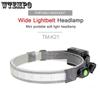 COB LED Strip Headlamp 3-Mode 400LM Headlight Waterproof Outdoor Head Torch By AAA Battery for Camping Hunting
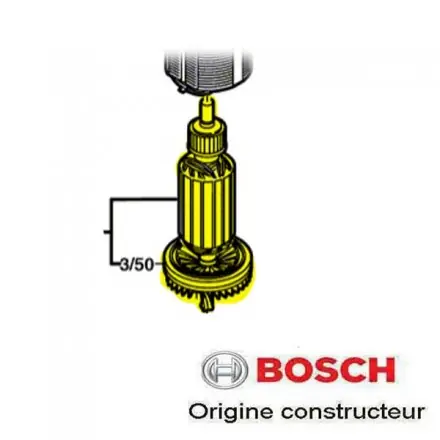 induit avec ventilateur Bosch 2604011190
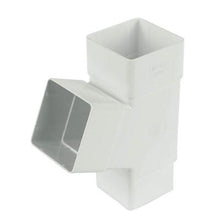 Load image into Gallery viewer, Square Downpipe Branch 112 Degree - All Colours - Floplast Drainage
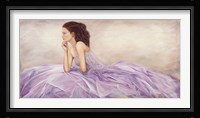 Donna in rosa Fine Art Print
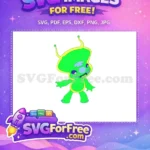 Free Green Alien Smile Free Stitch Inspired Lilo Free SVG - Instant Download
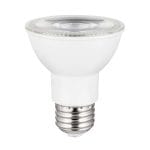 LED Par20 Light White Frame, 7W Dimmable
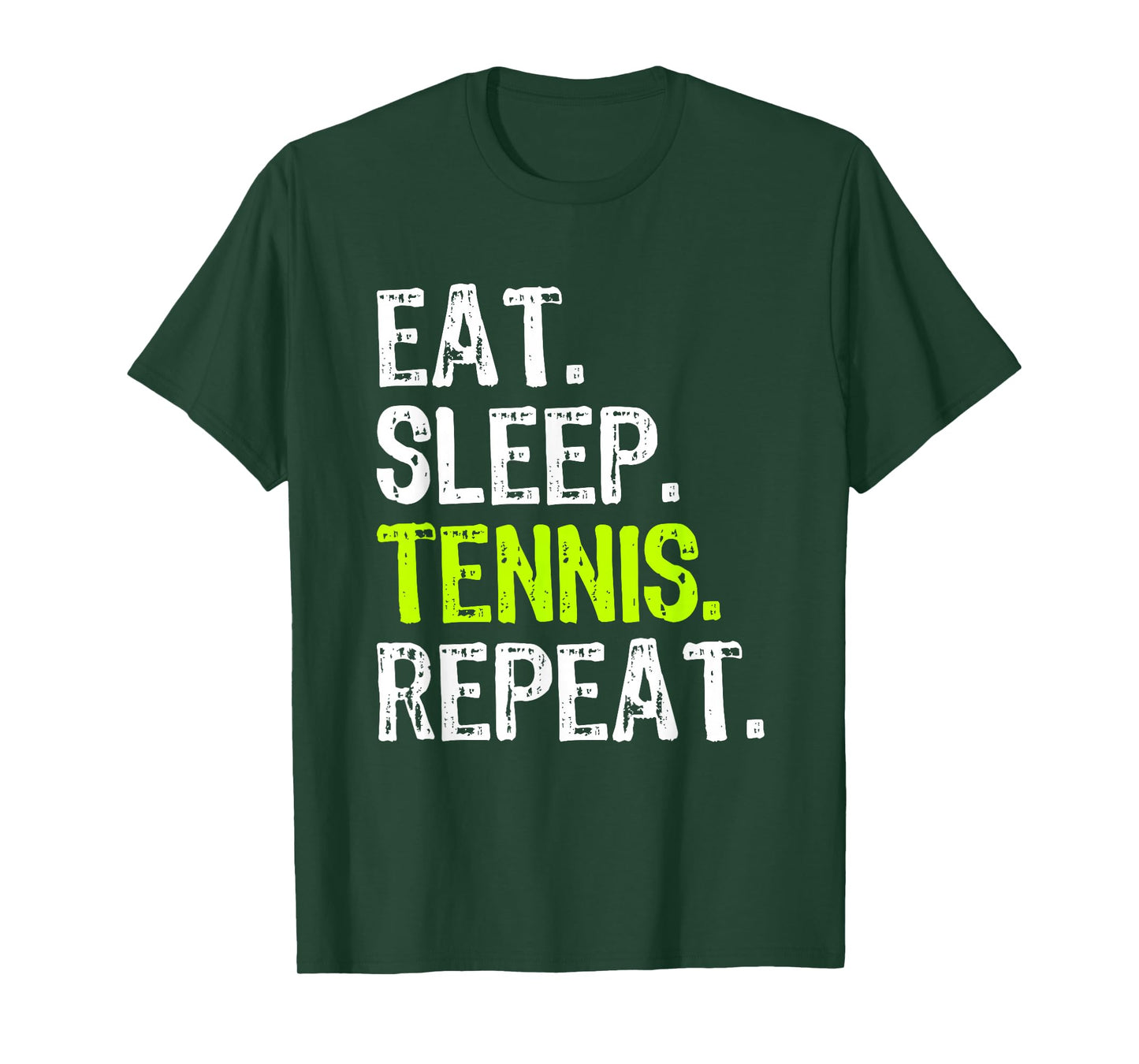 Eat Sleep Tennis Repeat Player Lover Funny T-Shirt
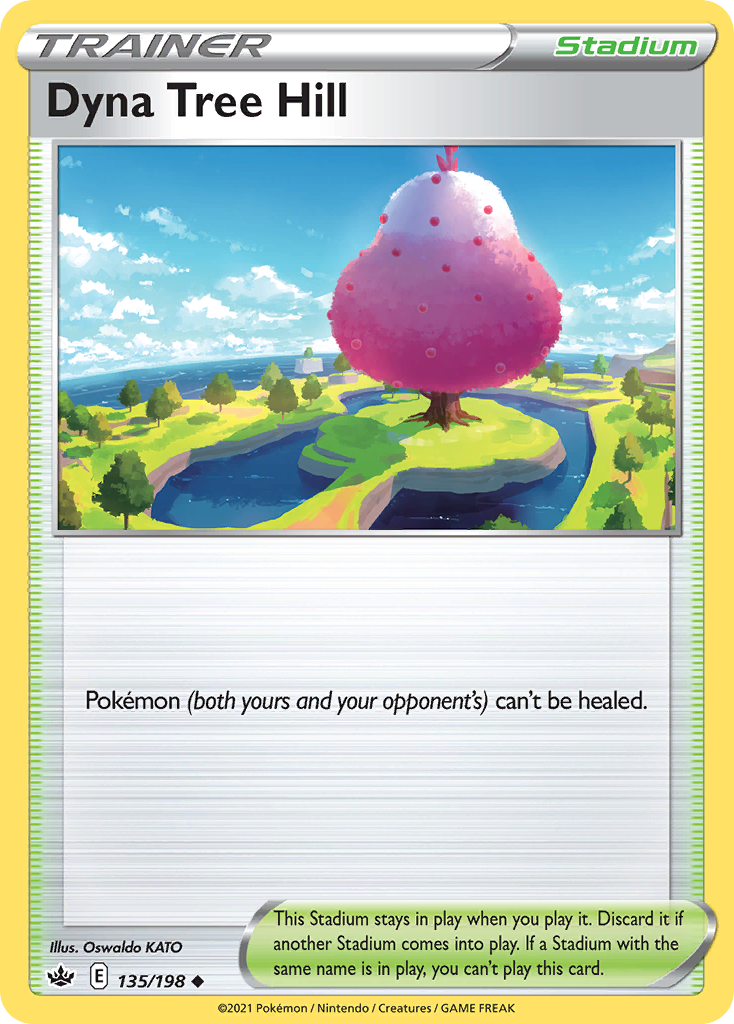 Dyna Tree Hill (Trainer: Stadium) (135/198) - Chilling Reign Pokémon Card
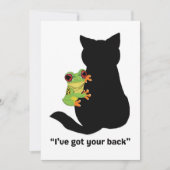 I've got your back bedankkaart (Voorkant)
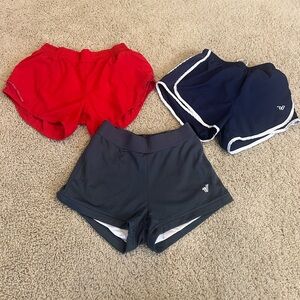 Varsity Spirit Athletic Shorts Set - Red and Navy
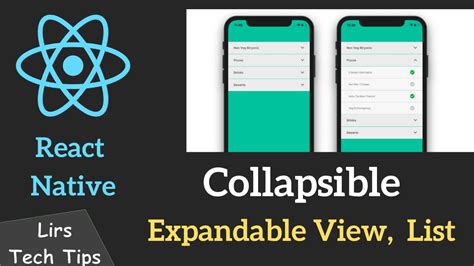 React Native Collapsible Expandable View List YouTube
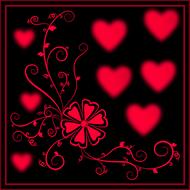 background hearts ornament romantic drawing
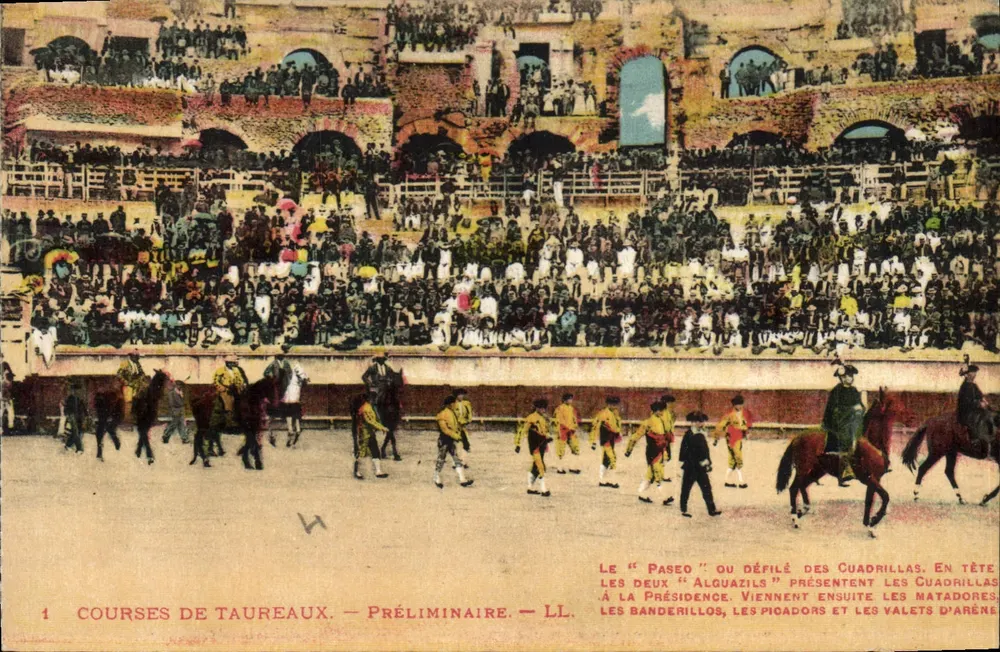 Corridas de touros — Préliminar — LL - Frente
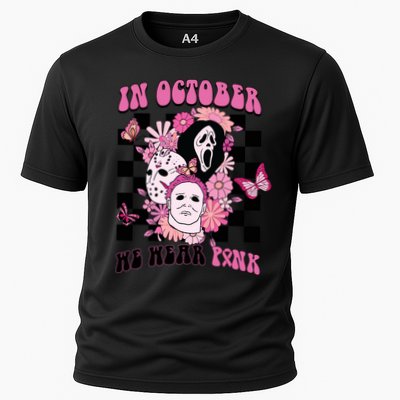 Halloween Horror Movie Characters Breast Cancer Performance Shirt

Work task
Set down exactly and only the lines from the line that contains "I've got your back bedankkaart (Voorkant)" through the last line of the entries above, with both of those lines included and the pictures left out.

Written response
 I've got your back bedankkaart (Voorkant)
 Varsity Spirit Athletic Shorts Set - Red and Navy
 React Native Collapsible Expandable View List YouTube
 background hearts ornament romantic drawing
 Corridas de touros — Préliminar — LL - Frente
 Halloween Horror Movie Characters Breast Cancer Performance Shirt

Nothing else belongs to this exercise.